受賞第一作も、もう少ししたら読んでみたいと思います。
ではでは、またお伺いします~。
2008-03-05 16:21 : 真紅 URL : 編集
こんにちは♪ TB、コメントありがとうございました☆

母と娘の微妙な関係が生々しく描かれていて、アッという間に読み終えてしまいました。

ここで描かれる三人に、女として共感する物があります。
私自身はどの人物にも当てはまらないけど・・・
私自身、思春期は、女であることの自分に特に疑問を抱いたことはなく、
自分の体に起きる変化を歓迎していました。
でも、女であることに窮屈な感じを抱く気持ちも分かる。
寧ろ今の自分がそれに近いかもしれません。

親子が感情をむき出しにする場面には、私も泣きそうになりました。
母と娘って女同士でもあり、変なライバル意識も芽生えるので凄く対立したりもしますが、
やっぱり親と子。
時には正直に感情をぶつけ合うことが、色んな壁を取り払ってくれるんですよね・・・

私も映画化して欲しいな~って思いますわ。
巻子には、関西弁が完璧で裸になれる女優さん。
大事なのは緑子ですよね。
とっても難しい役どころですもんね~(^0^)
2008-03-28 10:43 : non URL : 編集
nonさま、こんにちは♪ こちらこそ、コメントとTBをありがとうございます。
これ、ホントに読み出したら止まらないですよね。
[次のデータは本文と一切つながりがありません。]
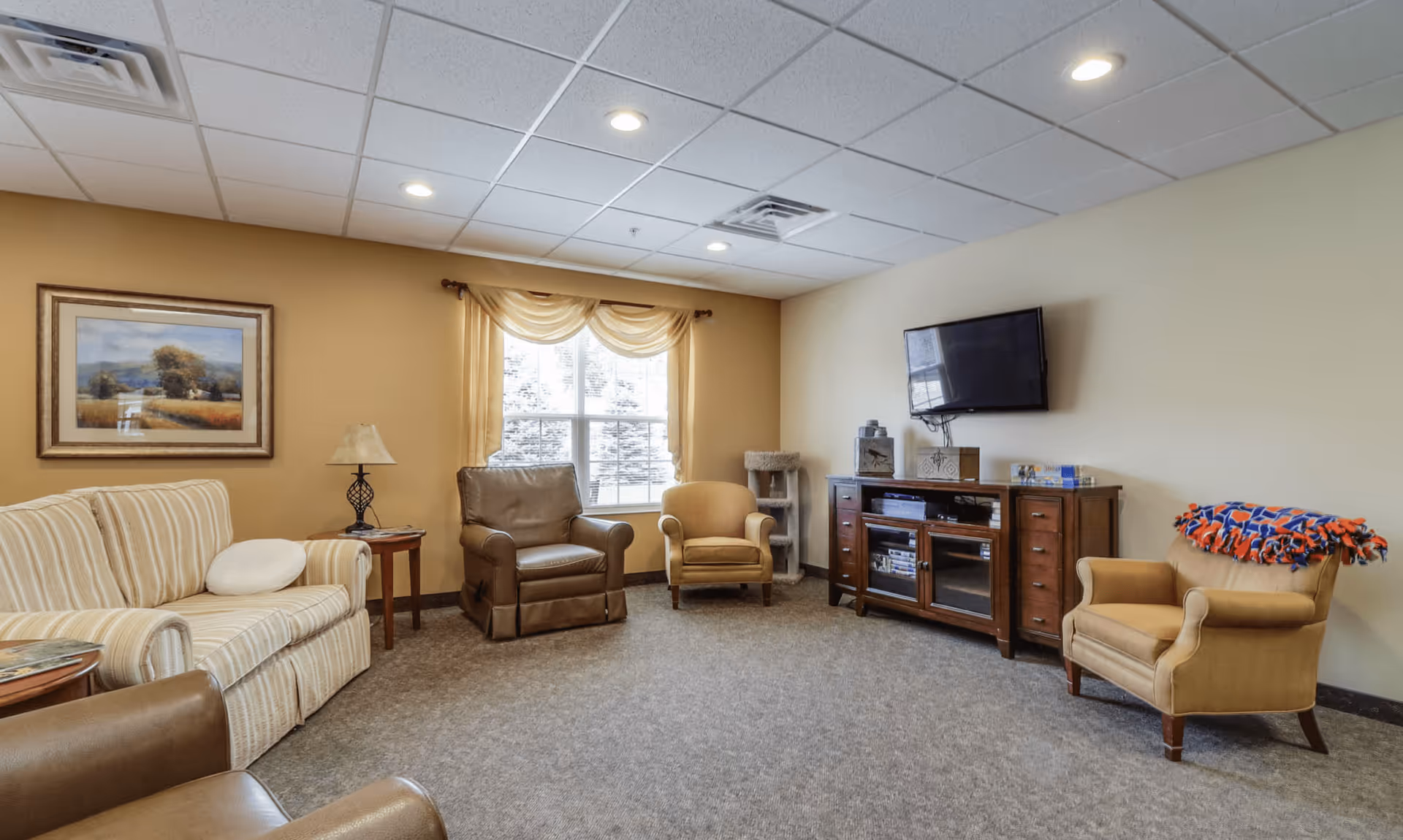 A cozy living room with beige walls and carpeted floor, featuring a striped sofa, three armchairs, a wooden side table with a lamp, a window with light curtains, a wall-mounted flat screen TV above a wooden media cabinet, and a colorful blanket draped over one armchair.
文体が受け付けられない方も、いらっしゃるとは思いますが・・。
私は、緑子の鬱々としたところがよくわかりました。
小学校高学年って、背中を丸めて歩いていたような・・・。
胸が膨らんできたのがイヤだったんです。クラー(笑)。
でも、表面的にはとても明るい子どもだったんですよ。

やはり、女同士でこそ分かり合えるし、ぶつかりもしますね。
あの卵をぶつけ合うシーン・・・。あれは息子と母にはできないですよね。
息子と父なら殴り合いだし。グーで。
「お母さんがかわいそう」っていうのは息子にも生まれ得る感情だと思いますが、それを身体で表現、男の子ならどうするでしょうね・・・。
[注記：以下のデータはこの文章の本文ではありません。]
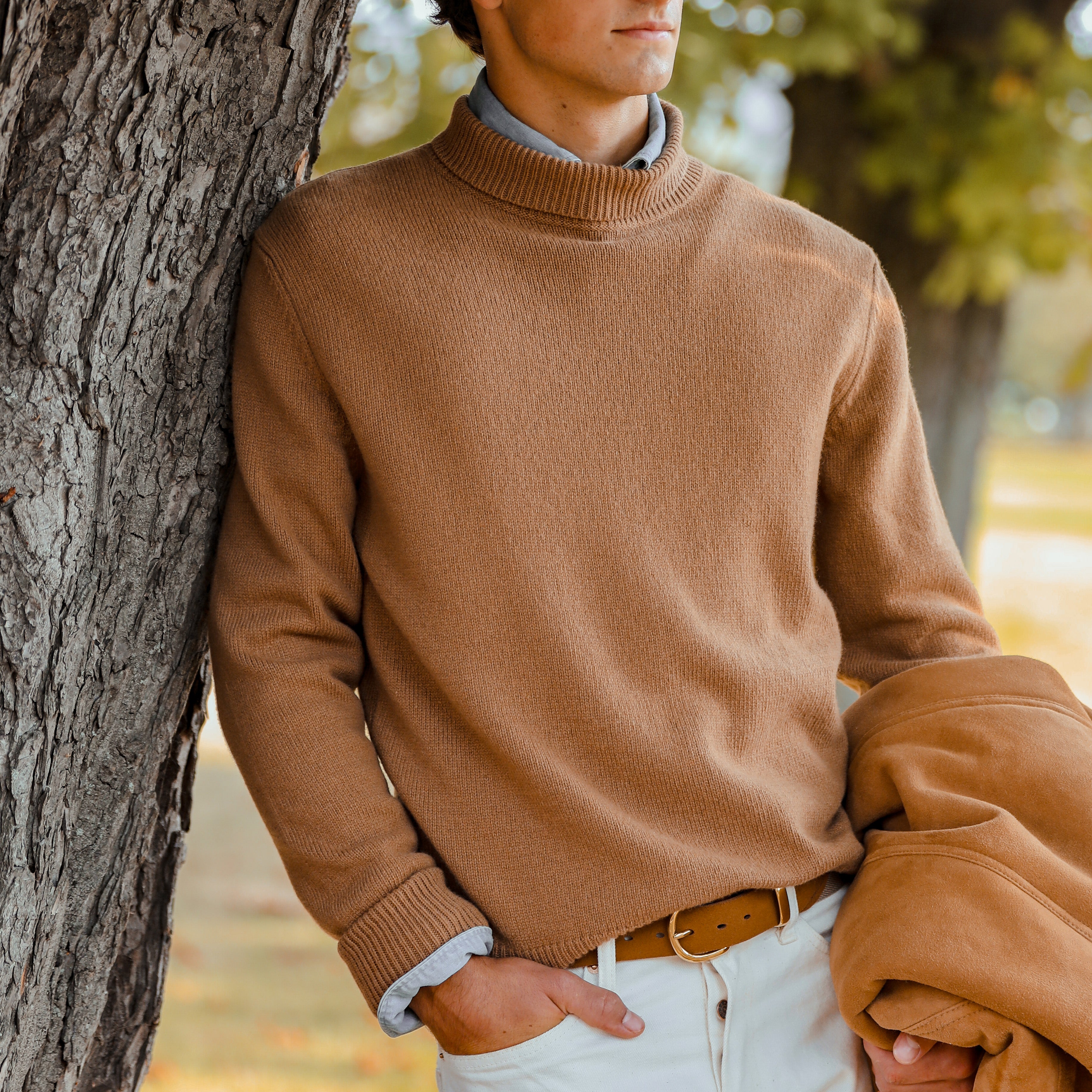 A person in a contemporary fit, Camel Beige Wool Cashmere Mock Neck Sweater by G.R.P stands outdoors, leaning against a tree. They hold a wool and cashmere brown coat over their arm and wear white pants.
関西弁が完璧で裸になれる・・・。羽野亜紀とか(笑)。
やっぱ常盤貴子かな? 
緑子は、『レオン』当時のナタリー・ポートマン並みの演技力が求められますね。
想像すると楽しいです。ホント、映画化されたらいいのにね~。
ではでは、またお伺いしますね。
2008-03-28 19:24 : 真紅 URL : 編集
真紅さん~こんにちは!
この作品はなかなか面白かったのですが、もう片方の中国人の方の芥川賞作品が、最近になく、いまひとつ・・・で、一緒にまとめて、結局アップしちゃいました。真紅さんは、この作品とってもお気に召したようですね☆
こちらの記事とコメントのキャスティング話しに爆笑!
寺島さん、いいかも~。わたしは、ご本人でOKですよね。羽野さんってのは、すごい!!いいかも、いいかも。もうこわいもん無しだろうし・・・(^^;) 常盤さんは爆乳なのでねえ、、、
2008-11-23 10:16 : latifa URL : 編集
latifaさま、こんにちは。コメントとTBをありがとうございます!
う~ん、この小説はね、文体にはちょっと勘弁、という感じだったのですが、主題には大いに泣かされました。
楊逸さんの小説、私も夏に読んだんですよ。
でも、例の記事を書けない時期だったんで、感想は書いてないんです。。
ちょっとまとめて、感想書けなかった本の記事をアップしようかと思っています。
キャスティング、面白いよね~。映画化されないかな。。
ではでは、後ほどお伺いします~。